In this case, better memory and longer context windows could be exactly what's needed to bridge the gap between AI that passes tests and AI that writes actually usable code.

Think about it: when METR's agents failed to produce mergeable code, they weren't failing because they couldn't solve the core algorithmic problem, they were failing because they lacked the broader context about what makes code production-ready in that specific repository. They missed documentation standards, testing conventions, code quality expectations, and formatting requirements that any experienced developer working on that project would know from memory.

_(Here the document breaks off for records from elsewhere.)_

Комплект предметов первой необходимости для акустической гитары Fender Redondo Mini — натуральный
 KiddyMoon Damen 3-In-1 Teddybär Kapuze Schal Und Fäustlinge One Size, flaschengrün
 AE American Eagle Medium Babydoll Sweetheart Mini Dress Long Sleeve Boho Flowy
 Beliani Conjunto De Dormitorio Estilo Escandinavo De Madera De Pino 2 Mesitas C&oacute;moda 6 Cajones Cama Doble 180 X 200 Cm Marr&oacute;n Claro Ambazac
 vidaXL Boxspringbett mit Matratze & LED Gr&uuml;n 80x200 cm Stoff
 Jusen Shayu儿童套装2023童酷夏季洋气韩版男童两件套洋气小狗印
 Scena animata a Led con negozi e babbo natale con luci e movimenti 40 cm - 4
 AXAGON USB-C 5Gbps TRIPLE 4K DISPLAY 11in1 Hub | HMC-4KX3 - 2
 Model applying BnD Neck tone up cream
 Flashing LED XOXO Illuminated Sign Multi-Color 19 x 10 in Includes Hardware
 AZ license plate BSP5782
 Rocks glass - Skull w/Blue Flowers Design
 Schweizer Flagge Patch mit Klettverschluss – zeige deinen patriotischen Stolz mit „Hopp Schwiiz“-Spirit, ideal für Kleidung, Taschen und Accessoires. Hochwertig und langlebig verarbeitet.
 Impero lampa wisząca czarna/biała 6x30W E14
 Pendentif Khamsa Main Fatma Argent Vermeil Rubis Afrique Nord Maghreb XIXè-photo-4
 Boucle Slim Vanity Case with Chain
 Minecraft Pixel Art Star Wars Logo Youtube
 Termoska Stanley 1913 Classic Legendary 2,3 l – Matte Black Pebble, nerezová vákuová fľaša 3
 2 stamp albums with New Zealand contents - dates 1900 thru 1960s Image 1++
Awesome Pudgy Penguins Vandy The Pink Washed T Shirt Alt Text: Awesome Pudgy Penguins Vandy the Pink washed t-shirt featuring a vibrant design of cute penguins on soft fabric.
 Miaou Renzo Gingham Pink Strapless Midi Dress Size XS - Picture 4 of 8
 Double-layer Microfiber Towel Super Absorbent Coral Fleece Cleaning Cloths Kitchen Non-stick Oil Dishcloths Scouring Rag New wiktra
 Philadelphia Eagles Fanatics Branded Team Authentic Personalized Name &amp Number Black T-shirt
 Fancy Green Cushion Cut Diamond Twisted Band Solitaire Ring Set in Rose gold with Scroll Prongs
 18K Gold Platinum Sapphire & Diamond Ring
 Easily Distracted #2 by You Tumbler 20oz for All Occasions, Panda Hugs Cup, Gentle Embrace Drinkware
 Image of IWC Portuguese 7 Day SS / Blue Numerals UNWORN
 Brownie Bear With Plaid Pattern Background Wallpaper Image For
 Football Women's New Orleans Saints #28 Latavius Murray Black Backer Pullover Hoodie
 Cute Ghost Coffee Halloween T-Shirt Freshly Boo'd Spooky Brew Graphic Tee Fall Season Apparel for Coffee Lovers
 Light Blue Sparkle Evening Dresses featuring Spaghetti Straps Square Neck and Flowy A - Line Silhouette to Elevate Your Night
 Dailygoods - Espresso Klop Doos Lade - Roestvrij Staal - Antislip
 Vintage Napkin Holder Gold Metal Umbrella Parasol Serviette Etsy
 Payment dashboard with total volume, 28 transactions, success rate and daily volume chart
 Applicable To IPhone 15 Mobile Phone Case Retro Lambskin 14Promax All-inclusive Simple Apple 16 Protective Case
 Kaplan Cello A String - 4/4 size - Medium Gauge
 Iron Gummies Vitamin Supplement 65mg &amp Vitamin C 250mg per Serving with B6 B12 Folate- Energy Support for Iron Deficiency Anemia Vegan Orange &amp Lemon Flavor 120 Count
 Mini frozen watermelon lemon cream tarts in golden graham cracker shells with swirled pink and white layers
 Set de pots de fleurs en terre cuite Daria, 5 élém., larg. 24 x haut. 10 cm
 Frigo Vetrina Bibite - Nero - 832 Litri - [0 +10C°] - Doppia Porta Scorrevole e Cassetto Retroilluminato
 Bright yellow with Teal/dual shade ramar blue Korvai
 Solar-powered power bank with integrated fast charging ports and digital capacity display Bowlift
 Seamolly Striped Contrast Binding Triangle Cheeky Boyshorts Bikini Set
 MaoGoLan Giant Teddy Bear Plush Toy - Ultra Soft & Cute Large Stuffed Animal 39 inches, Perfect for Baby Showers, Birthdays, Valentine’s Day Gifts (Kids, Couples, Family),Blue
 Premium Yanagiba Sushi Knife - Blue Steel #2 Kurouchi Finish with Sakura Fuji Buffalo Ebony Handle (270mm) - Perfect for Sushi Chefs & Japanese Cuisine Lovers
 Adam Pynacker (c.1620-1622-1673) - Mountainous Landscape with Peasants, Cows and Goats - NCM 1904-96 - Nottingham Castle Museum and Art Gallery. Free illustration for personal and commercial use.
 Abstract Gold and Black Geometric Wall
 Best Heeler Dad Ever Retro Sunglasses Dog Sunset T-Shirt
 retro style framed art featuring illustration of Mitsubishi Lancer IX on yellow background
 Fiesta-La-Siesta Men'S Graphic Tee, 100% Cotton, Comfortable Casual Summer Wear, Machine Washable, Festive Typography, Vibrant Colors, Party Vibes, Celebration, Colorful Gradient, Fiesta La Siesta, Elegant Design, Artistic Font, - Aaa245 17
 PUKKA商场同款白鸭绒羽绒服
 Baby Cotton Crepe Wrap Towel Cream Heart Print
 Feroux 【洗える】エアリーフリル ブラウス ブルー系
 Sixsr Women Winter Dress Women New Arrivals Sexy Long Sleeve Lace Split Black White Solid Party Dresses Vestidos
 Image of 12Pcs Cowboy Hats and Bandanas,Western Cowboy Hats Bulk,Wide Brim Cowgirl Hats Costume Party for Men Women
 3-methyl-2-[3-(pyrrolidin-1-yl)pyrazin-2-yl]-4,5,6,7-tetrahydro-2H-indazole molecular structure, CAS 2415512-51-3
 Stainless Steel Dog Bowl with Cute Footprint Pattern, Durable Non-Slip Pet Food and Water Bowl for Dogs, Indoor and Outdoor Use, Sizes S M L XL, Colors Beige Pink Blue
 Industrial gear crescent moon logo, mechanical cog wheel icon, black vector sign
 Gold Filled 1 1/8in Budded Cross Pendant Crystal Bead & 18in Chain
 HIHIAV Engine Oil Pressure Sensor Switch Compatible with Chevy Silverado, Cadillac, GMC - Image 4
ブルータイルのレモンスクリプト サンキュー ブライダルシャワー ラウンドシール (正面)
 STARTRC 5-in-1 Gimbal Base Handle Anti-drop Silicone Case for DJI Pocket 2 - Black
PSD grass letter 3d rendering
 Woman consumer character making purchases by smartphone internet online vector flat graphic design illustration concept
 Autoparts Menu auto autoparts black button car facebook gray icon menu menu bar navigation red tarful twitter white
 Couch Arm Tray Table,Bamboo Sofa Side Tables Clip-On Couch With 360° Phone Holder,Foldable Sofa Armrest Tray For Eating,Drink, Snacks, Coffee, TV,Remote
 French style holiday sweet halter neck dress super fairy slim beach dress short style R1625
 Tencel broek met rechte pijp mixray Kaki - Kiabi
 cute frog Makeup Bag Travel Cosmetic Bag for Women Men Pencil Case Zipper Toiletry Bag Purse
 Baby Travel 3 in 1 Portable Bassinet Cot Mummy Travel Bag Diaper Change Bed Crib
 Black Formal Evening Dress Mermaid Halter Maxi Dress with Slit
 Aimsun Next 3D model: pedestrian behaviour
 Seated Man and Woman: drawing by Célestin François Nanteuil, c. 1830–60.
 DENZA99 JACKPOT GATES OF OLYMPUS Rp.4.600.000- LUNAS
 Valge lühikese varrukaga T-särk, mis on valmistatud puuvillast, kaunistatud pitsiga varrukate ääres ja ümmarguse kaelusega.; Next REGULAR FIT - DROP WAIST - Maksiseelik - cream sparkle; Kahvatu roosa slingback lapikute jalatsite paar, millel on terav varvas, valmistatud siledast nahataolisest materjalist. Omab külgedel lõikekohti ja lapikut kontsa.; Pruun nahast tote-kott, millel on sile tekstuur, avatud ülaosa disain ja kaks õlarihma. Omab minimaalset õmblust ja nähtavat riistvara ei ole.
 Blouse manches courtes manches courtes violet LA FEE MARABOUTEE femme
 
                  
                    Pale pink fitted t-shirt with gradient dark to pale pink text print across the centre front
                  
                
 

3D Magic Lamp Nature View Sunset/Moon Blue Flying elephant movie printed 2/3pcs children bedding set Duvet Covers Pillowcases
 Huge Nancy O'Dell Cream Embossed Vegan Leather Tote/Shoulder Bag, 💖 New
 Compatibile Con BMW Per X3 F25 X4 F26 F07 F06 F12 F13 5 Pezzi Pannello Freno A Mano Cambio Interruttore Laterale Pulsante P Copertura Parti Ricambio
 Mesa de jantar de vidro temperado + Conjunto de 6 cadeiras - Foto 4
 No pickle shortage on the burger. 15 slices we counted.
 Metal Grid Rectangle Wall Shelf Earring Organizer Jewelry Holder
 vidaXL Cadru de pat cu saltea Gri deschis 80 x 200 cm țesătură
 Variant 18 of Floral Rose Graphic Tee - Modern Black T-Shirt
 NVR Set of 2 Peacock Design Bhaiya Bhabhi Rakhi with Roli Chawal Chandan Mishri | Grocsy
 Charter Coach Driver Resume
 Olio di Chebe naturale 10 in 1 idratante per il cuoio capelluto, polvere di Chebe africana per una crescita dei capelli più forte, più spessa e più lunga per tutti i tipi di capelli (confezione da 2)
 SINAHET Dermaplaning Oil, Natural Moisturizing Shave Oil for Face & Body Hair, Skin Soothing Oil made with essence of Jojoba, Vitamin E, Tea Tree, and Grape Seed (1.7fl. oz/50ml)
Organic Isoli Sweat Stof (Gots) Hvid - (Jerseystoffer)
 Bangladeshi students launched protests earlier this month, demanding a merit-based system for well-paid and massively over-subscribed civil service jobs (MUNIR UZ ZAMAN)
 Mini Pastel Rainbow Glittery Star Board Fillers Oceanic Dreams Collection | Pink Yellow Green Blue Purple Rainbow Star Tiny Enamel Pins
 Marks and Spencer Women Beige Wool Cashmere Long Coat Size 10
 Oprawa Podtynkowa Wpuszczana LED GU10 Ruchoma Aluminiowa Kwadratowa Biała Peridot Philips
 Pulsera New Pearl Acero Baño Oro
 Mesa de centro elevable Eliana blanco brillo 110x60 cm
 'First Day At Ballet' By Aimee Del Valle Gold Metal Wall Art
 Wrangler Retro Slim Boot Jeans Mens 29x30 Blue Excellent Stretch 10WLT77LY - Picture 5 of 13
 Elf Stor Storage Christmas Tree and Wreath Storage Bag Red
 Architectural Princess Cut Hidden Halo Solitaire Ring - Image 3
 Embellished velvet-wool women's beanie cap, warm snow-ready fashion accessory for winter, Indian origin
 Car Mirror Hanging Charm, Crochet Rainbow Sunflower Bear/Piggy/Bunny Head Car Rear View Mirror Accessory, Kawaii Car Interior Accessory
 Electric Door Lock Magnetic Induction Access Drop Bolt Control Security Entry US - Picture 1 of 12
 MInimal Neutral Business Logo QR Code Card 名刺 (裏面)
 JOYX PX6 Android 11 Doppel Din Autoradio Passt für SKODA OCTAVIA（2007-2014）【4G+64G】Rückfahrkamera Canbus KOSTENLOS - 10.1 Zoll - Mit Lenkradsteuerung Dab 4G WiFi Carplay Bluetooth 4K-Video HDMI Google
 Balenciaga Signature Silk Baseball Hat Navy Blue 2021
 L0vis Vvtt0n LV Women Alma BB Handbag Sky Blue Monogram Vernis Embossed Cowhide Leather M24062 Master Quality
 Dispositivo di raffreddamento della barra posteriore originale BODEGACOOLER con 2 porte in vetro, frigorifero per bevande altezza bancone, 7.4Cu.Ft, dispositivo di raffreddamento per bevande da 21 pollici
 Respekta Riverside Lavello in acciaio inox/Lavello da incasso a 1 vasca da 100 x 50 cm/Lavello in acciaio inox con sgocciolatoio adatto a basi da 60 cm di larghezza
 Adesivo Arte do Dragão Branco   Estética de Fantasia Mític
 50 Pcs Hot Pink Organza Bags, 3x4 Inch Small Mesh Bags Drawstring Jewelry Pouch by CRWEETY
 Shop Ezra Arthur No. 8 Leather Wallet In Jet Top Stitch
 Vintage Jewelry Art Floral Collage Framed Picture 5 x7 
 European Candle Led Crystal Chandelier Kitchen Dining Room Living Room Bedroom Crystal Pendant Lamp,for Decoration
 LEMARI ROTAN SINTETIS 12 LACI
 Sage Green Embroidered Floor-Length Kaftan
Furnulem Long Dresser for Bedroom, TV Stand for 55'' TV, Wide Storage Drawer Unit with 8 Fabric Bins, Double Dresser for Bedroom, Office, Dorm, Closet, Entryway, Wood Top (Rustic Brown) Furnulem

Current AI tools operate with a narrow window of immediate context, focusing solely on the functional requirements while ignoring the dozens of implicit standards and practices that make code actually mergeable. With better memory systems that can recall project-specific coding standards, past feedback on code quality, and the accumulated knowledge of what "good" looks like in a given codebase, AI could start addressing those 26 minutes of fixing that currently make even "successful" AI code submissions unusable… and potentially close the gap between feeling productive and actually being productive. From vibe-coding… to coding.